Purpose: The progression of geographic atrophy (GA) secondary to age-related macular degeneration is highly variable among individuals. Prediction of the progression is critical to identify patients who will benefit most from the first treatments currently approved. The aim of this study was to investigate the value and difference in predictive power between ophthalmologists and artificial intelligence (AI) in reliably assessing individual speed of GA progression.
Design: Prospective, expert and AI comparison study.
Participants: Eyes with natural progression of GA from a prospective study (NCT02503332).
Methods: Ophthalmologists predicted yearly growth speed of GA as well as selected the potentially faster-growing lesions from 2 eyes based on fundus autofluorescence (FAF), near-infrared reflectance (NIR), and OCT. A deep learning algorithm predicted progression solely on the baseline OCT (Spectralis, Heidelberg Engineering).
Main outcome measures: Accuracy, weighted κ, and concordance index (c-index) between the prediction made by ophthalmology specialists, ophthalmology residents, and the AI algorithm.
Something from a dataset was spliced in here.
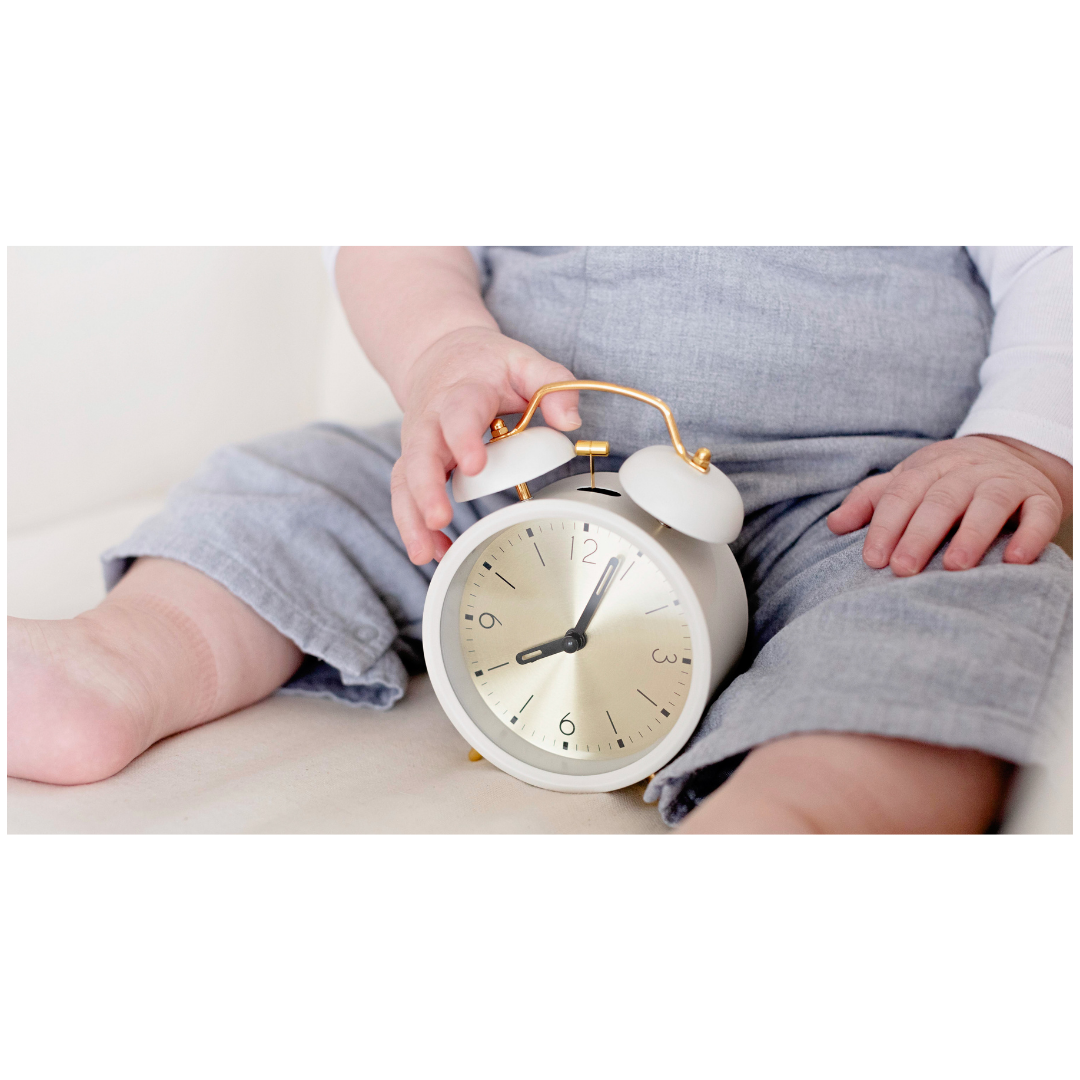 Close up of babies legs, arms and tummy, with clock in between babies legs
Results: A total of 134 eyes of 134 patients from a phase II clinical trial were included; among them, 53 were from the sham arm, and 81 were from untreated fellow eyes. Four ophthalmologists performed 2880 gradings. Human experts reached an accuracy of 0.37, 0.43, and 0.41 and a κ of 0.06, 0.16, and 0.18 on FAF, NIR + OCT, and FAF + NIR + OCT, respectively. On a pairwise comparison task, human experts achieved a c-index of 0.62, 0.59, and 0.60. Automated AI-based analysis reached an accuracy of 0.48 and κ of 0.23 on the first task, and c-index of 0.69 on the second task solely utilizing OCT imaging.
Conclusions: Prediction of individual progression will become an important task for patient counseling, most importantly with the treatments becoming available. Human gradings improved with the availability of OCT. However, automated AI performed better than ophthalmologists in several comparisons. Artificial intelligence-supported decisions improve clinical precision, access to timely care for the community, and socioeconomic feasibility in the management of the leading cause of irreversible vision loss.
Financial disclosure(s): The author(s) have no proprietary or commercial interest in any materials discussed in this article.